Reuters: Canada has asked Iran to either charge or release prominent philosopher Ramin Jahanbegloo, a dual Canadian-Iranian citizen who was arrested last month on suspicion of espionage, Foreign Minister Peter MacKay said on Thursday. By David Ljunggren
OTTAWA (Reuters) – Canada has asked Iran to either charge or release prominent philosopher Ramin Jahanbegloo, a dual Canadian-Iranian citizen who was arrested last month on suspicion of espionage, Foreign Minister Peter MacKay said on Thursday.
MacKay also said Canadian diplomats had been repeatedly rebuffed when they sought to contact Jahanbegloo, the first high-profile intellectual arrested since the election of President Mahmoud Ahmadinejad last June.
The case has further soured Canada’s already poor relations with Iran, which deteriorated rapidly in 2003 when Iranian-Canadian photographer Zahra Kazemi died in custody in Tehran after being arrested.
“I’ve written directly to the minister of foreign affairs in Iran requesting he in fact put his full attention on this file … and either produce charges that would result in a legal process or that, preferably, Mr Jahanbegloo be released,” MacKay told reporters in Ottawa.
Jahanbegloo, head of the Department for Contemporary Studies at the Cultural Research Bureau in Tehran, has lectured on the prospects for democracy in Iran and on whether the Islamic state can engage with the West.
“We have attempted on several occasions to have consular visits. This is very difficult … there has been no direct contact, that’s my understanding,” said MacKay.
“Iran does not recognize joint citizenship so they’re not in any way acknowledging his Canadian citizenship or connection.
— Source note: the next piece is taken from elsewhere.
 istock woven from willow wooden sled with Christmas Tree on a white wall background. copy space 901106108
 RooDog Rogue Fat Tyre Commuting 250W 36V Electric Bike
In fact, by some bizarre assessment, having Canadian or American or any other foreign connection … is feeding perhaps the reasons for his detention.”
MacKay said Ottawa had received indirect reports that Jahanbegloo had been transferred within the Iranian prison system.
Human rights groups frequently complain that Tehran imprisons pro-reform writers, journalists and intellectuals without due legal process.
Last week Iran summoned Canada’s ambassador to explain comments by Canadian Prime Minister Stephen Harper, who condemned Iran over a newspaper report which said Tehran might make religious minorities wear special clothes.
Harper made his comments before the Canadian newspaper in question admitted the story was false.